- Theatrical Release poster
- Directed by: Ross Venokur
- Written by: Lenore Venokur
- Produced by: Dan Krech
- Starring: Jason Jones Will Forte John Leguizamo Samantha Bee Victoria Justice John Cleese Jim Cummings
- Cinematography: Kyran Kelly
- Music by: Marcelo Quinonez
- Production company: Vanguard Animation
- Distributed by: Viva Pictures (under Viva Kids)
- Release date: November 4, 2016;
- Running time: 82 minutes
- Country: United States
- Language: English
- Box office: $1.2 million

= Get Squirrely =

2015 film by Ross Venokur

Get Squirrely (also distributed as A.C.O.R.N.S.: Operation Crack Down) is a 2016 American animated heist comedy film produced by John H. Williams (through Vanguard Animation) and Dan Krech and directed by Ross Venokur.
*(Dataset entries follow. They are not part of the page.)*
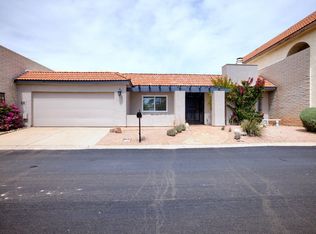 6605 E Via Cavalier, Tucson, AZ 85715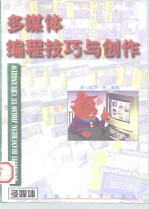 多媒体编程技巧与创作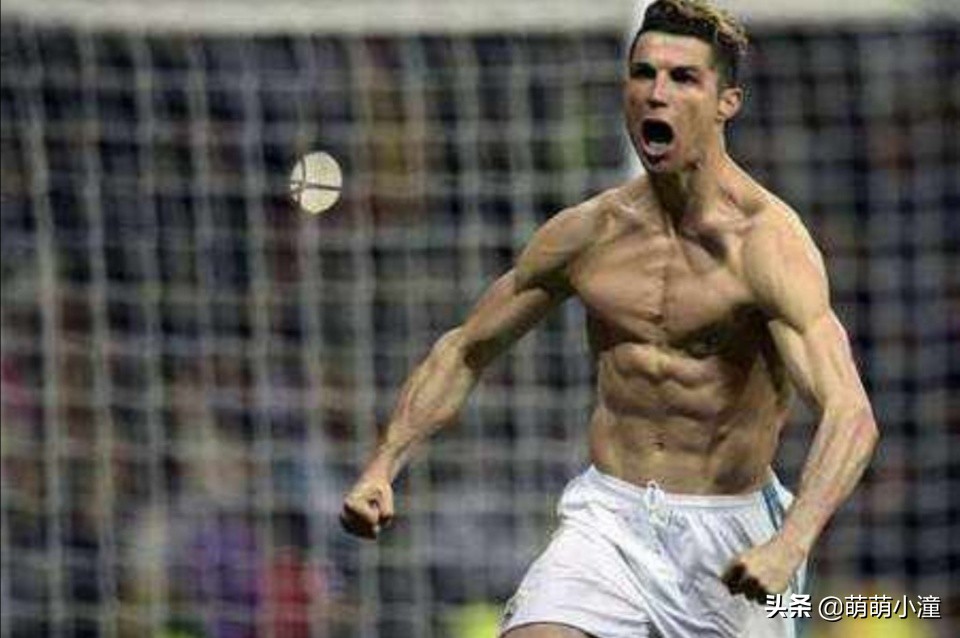 冲奥失败,收假在即:一封关于国奥小将的《检讨书》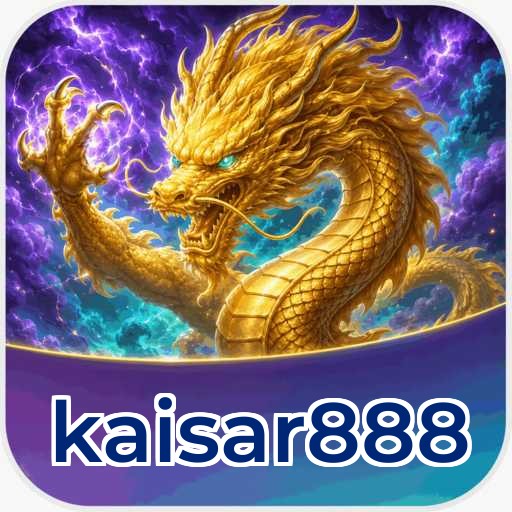 kaisar888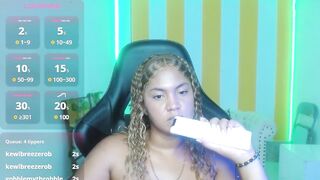 Watch Cristal_War Best Porn Video [Stripchat] - blondes-teens, ahegao, couples, dildo-or-vibrator-teens, dildo-or-vibrator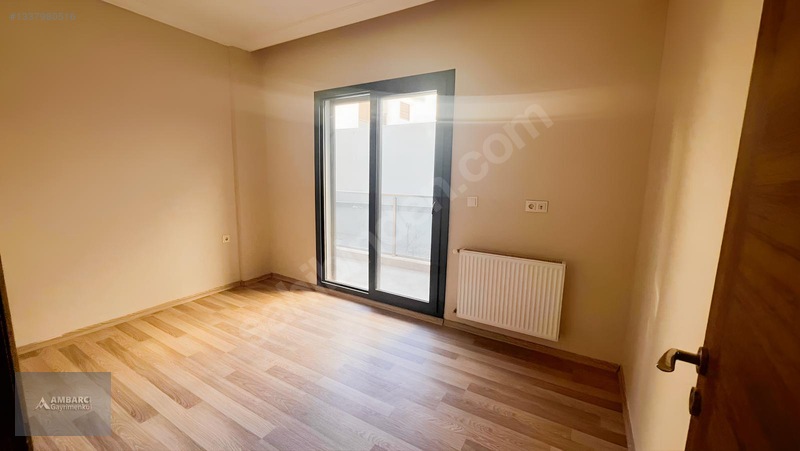 Ambarcı'dan Yelkide Giriş Kat Kiralık 2+1 Daire — fotoğraf 9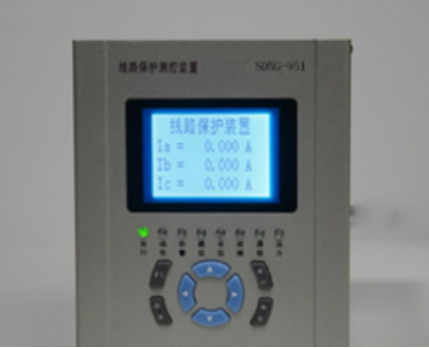 繼電器在微機(jī)保護(hù)裝置中的有什么作用？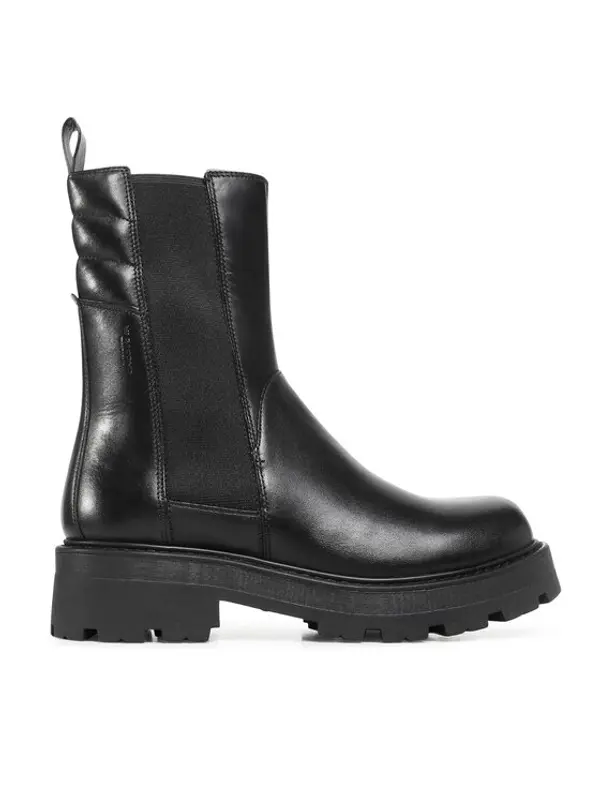 Vagabond Shoemakers Vagabond Shoemakers Chelsea cipele Cosmo 2.0 4849-401-20 Crna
Released on November 4, 2016, the film was Vanguard Animation's first theatrically released feature film since 2010's Space Chimps 2: Zartog Strikes Back to avoid competition with 2014's The Nut Job. However, the film received mixed reviews.

==Plot==
Frankie (Jason Jones), a smooth-talking squirrel, finds out that acorns are being stolen by the evil A.C.O.R.N.S. Corporation. Now he must assemble a rag-tag team of forest animals with only three days to pull off their biggest heist yet.

==Voice cast==
- Jason Jones as Frankie
- Will Forte as Cody
- John Leguizamo as Fly Boy/Liam
- Samantha Bee as Raitch
- Victoria Justice as Lola
- John Cleese as Mr. Bellwood
- Jim Cummings as Bear/Edsy
- Denise Oliver as Floor Guard

==Development==
The film was first announced in 2011 under the original title The Nut House.